Too many questions

What I mean by extra voltage is this.

Why aren't the batteries being slowly drained by the load of the led?

I understand the 'memory' of the batteries and the dialectic of the caps. But if connected in series a battery, led, and small resistor would it not discharge the battery? I thought it would? So the resistance of the combined coil and resistor plus the slow leakage of the led will keep the battery and caps from discharging??

So the led turns off after the caps are charged up to max memory and the batteries nor the caps will never drain or loose charge??

Thanks for the help,
wantomake

Well, if you let the circuit setup in the ON state as you showed it at the start of the video (no motor load and the voltage difference is 0.8V), the batteries would keep charging the cap bank for a very, very long time because the some nano or some microAmper load current for the batteries via the LED towards the cap bank is not a real load for the batteries. Several days or even weeks may pass when you could measure some mV voltage drop from the batteries under this continuous supply of charge current into the cap bank.

Remember: the two batteries are the main active source of current in your setup, the cap bank is also a load for the batteries. If you by-pass (i.e. short circuit) the LED, the resistor and the trifilar coils in your setup with a piece of wire, then the cap bank would have the same voltage across it as the batteries have but the some nano or microAmper charge current would still go into the cap bank from the batteries because of the self discharge nature of those caps. However, this tiny load current is quasi nothing for the two batteries for a long time.

You wrote: "So the resistance of the combined coil and resistor plus the slow leakage of the led will keep the battery and caps from discharging??"

My answer is: it is the batteries which would keep the capacitor bank from discharging, okay? The LED and the series resistors are simple current limiting components in this process.

You wrote: "So the led turns off after the caps are charged up to max memory and the batteries nor the caps will never drain or loose charge??"

My answer is: On the long run the batteries themselves would also discharge of course.
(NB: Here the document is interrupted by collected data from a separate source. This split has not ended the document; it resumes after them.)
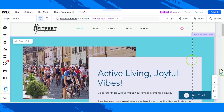Hello everyone, welcome back to our Wix event series. Today we're going to be editing the bookings pages in our Wix event site, which are very essential pages. There are actually three event pages we need to work on, and we're going to work on them one by one.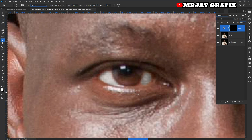Okay, so that's actually what I'm doing. Now let's go to the second eye.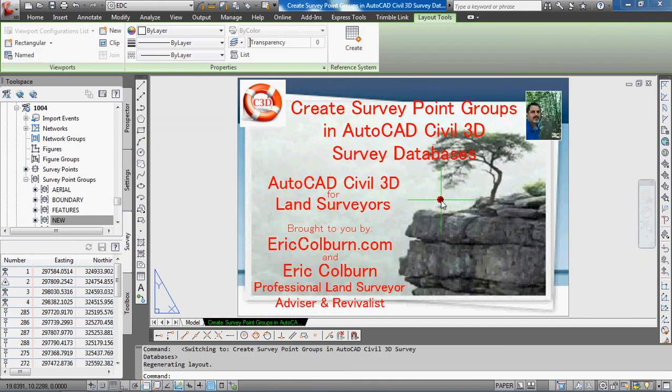This has been AutoCAD Civil 3D for Land Surveyors. I'm Eric Colburn from EricColburn.com, and in this video we showed you how to create survey point groups in AutoCAD Civil 3D survey databases.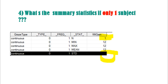The fourth question: what are the summary statistics results if only one subject is in the dataset? If you apply PROC MEANS or PROC UNIVARIATE with only one subject, the standard deviation is a dot (missing), because there is no comparison. The minimum and maximum values are the same single value, and the mean is also just that one value.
Let's put this process in another view: suppose you replace the LED with a 15 V Zener diode in your circuit. This diode would maintain a continuous 15 V drop across itself (this is its job, right?) while the charging current would still flow towards the cap bank from the batteries but this time the cap bank would be able to charge up to 17.36-15=2.36 V only, okay? And in case you would keep this circuit working for a long time (no load across the cap bank, just its self-discharging), the moment the battery voltage would go down below 15 V (after some months) the cap bank would discharge to near zero voltage, understand? Should you test this, use a current limiting series resistor for the Zener because it may get burnt from the intial high current if the cap bank had zero voltage in it at switch-on.

Gyula

very informative

Thanks Gyula,
Good information. I do have some zener diodes and will give it a try.

Plus will leave it in on position for number of days until battery starts to discharge.

Thanks again,
wantomake

Coil output results.

I have been testing some 8 filar 23awg bobbins with iron cores.
Using some very basic methods and a prime mover I achieved the following results. Running 4 of these coils in parallel I can peak the BUS at 120VDC.
Ive been running 120 Led's while losing 20RPM but also using less current on the prime mover with a better secondary recharge rate.
I have been adjusting and tinkering with these coils and currently peaking at .6w per coil.

sd.JPG
9 coil.jpg


I have also tested an 8 filar 18awg with 2"x1"x4" laminated core.
I've only been able to get 5V out of this.

I have watched all of Angus wangus youtubes. He go to great lengths to explain that coils are OPPOSITELY WOUND. Doesnt that negate Lenz in the core?